Please copy every record below exactly, leaving out the pictures.
#### Records for this task
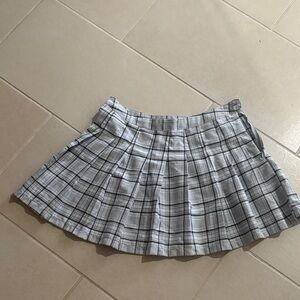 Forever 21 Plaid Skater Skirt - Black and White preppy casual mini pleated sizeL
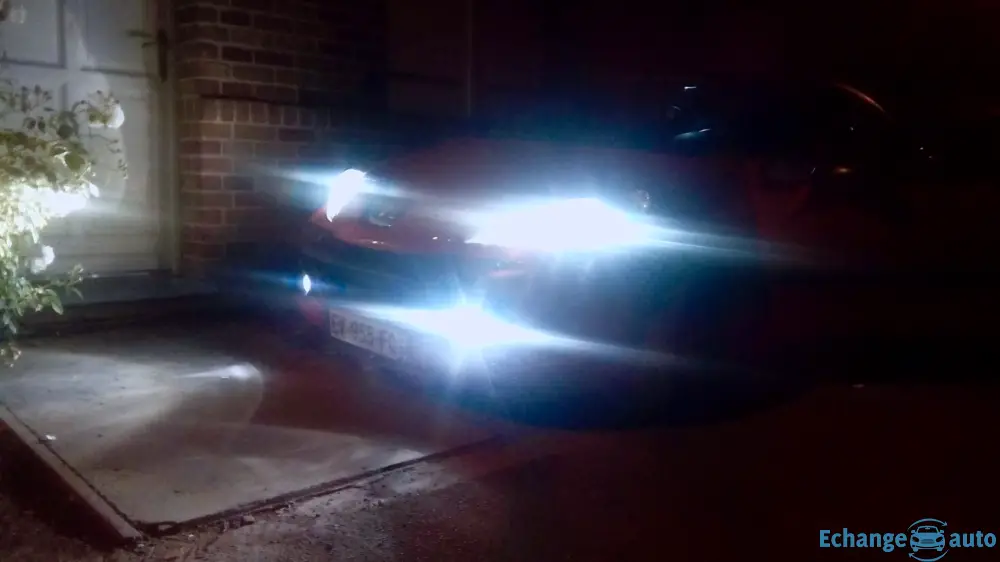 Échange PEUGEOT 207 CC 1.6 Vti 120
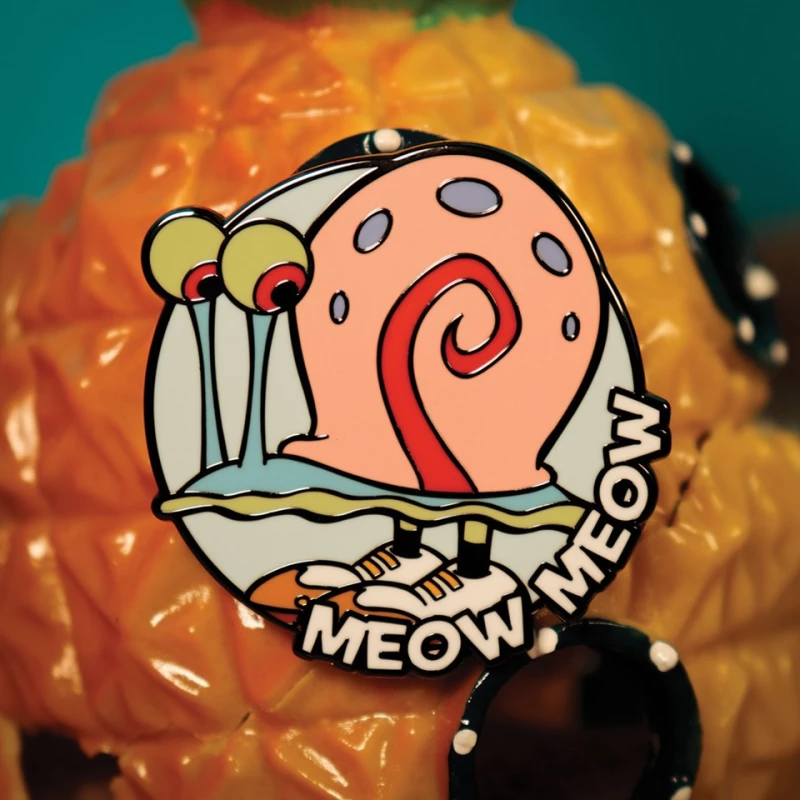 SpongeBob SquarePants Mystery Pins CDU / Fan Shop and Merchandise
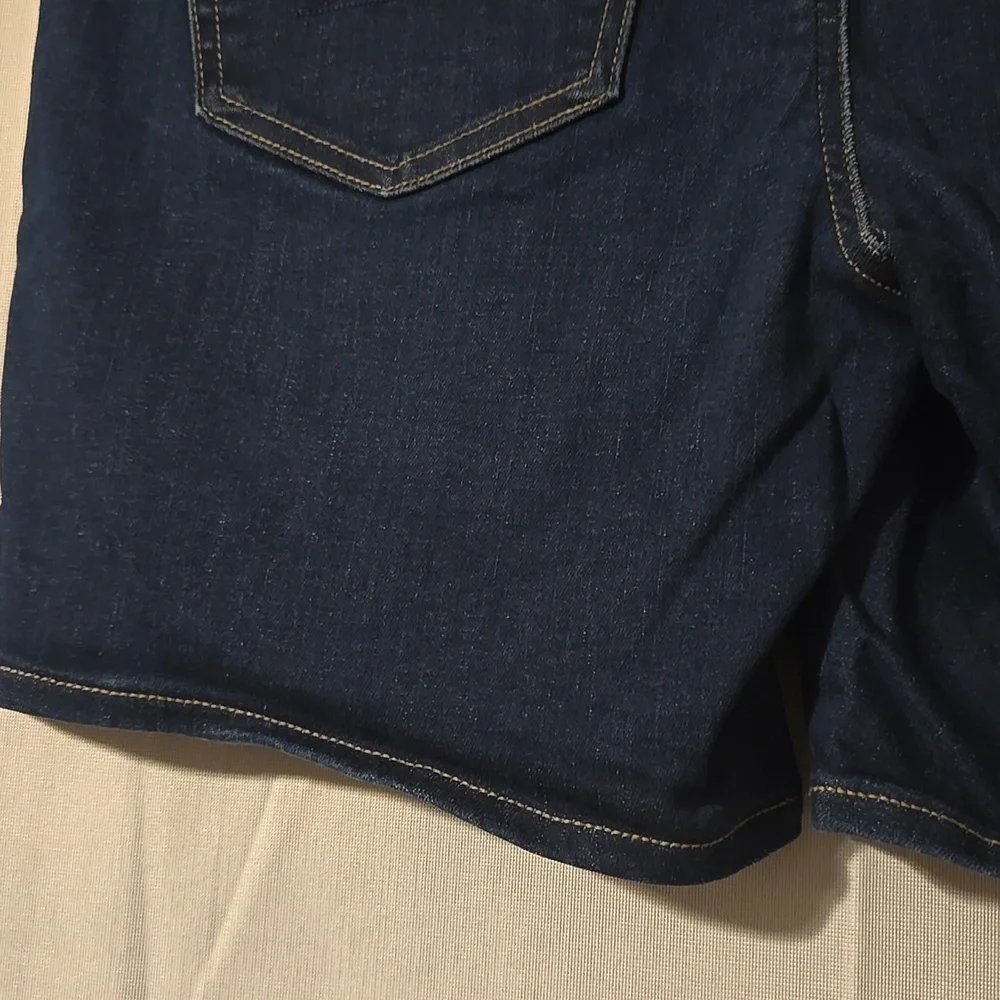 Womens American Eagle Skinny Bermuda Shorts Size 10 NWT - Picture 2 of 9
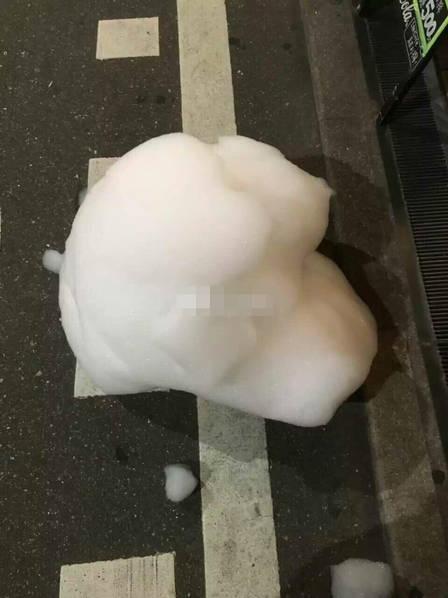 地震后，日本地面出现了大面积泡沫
########
» Answer to the problem:
 Forever 21 Plaid Skater Skirt - Black and White preppy casual mini pleated sizeL
 Échange PEUGEOT 207 CC 1.6 Vti 120
 SpongeBob SquarePants Mystery Pins CDU / Fan Shop and Merchandise
 Womens American Eagle Skinny Bermuda Shorts Size 10 NWT - Picture 2 of 9
 地震后，日本地面出现了大面积泡沫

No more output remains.